When I was in my early 20s, I started to tell people that I wanted to be a novelist. Many would respond with something like, “Oh, writing the Great American novel?” Yes, I’d say, naively. thumbnailI thought it would be awesome to have my name in conversation with the literary greats—Ernest Hemingway, Toni Morrison, etc.,…and me. Graduate students in literature across the country would analyze my works for their theses and dissertations. I could be Toni’s BFF. I thought that was what writers were supposed to do: aspire to literary greatness, work on penning the Great American Novel, and dream of having tea with Toni.

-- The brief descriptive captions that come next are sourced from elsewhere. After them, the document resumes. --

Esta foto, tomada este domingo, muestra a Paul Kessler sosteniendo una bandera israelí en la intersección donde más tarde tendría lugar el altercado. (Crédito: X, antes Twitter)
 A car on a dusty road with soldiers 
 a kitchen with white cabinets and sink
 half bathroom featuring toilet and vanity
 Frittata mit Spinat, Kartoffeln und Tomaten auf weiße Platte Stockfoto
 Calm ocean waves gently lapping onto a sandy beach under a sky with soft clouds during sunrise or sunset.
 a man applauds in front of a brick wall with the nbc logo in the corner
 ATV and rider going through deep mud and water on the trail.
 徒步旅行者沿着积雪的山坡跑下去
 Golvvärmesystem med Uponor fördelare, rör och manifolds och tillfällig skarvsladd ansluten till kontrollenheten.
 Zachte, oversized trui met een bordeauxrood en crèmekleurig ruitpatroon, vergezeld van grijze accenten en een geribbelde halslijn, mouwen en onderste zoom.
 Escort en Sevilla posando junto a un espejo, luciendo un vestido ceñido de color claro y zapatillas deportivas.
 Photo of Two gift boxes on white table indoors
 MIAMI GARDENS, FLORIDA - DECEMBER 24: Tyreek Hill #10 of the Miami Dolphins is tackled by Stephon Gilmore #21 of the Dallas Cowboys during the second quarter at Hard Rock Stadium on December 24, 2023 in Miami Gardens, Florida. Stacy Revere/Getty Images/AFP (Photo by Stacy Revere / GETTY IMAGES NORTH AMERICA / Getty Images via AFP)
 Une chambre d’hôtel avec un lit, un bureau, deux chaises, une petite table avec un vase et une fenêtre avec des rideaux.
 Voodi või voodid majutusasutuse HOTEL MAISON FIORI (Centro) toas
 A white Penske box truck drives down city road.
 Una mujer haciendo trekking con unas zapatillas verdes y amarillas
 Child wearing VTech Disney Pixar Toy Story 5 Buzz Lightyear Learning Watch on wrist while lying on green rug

But the more I wrote, the more my perspective started to change.

I started noticing that I was developing a voice, and that voice wasn’t “literary.” It wasn’t very sophisticated, nor polished, nor grand. The vocabulary used didn’t require a dictionary. The descriptions didn’t drip in eloquence for pages and pages. Of course there are many exceptions for Great American Novels that don’t adhere to those criteria, but it’s what I noticed for the majority of them. I started to panic. The differences between the work of the greats and my far-from-great work were vast. I couldn’t write the Great American Novel. Perhaps I should stop.

Even with that doubt, I couldn’t stop writing. Characters still formed in my mind. Conversations still flowed in waves. Writing was involuntary, a compulsion. Not writing meant that something was missing in my life—not writing meant sometimes I’d get a little cranky. The act of not writing wasn’t an option.

CHECK OUT: Writer’s Don’t Write to Get Published

I decided to accept my writing “limitations.” I would write just to write. I would take classes, try to get better and enjoy the craft. I would read more books that weren’t of the Great American Novel ilk. Many of them, I would enjoy, as flawed and imperfect as they were. (I’m flawed and imperfect, too, aren’t I?) Those novels were attainable. They inspired me. Those books made me want to keep writing. If I can fall in love with, and be motived by, a less-than-Great American novel, maybe someone will feel the same way about mine.

What about you? How do you feel about writing the Great American Novel?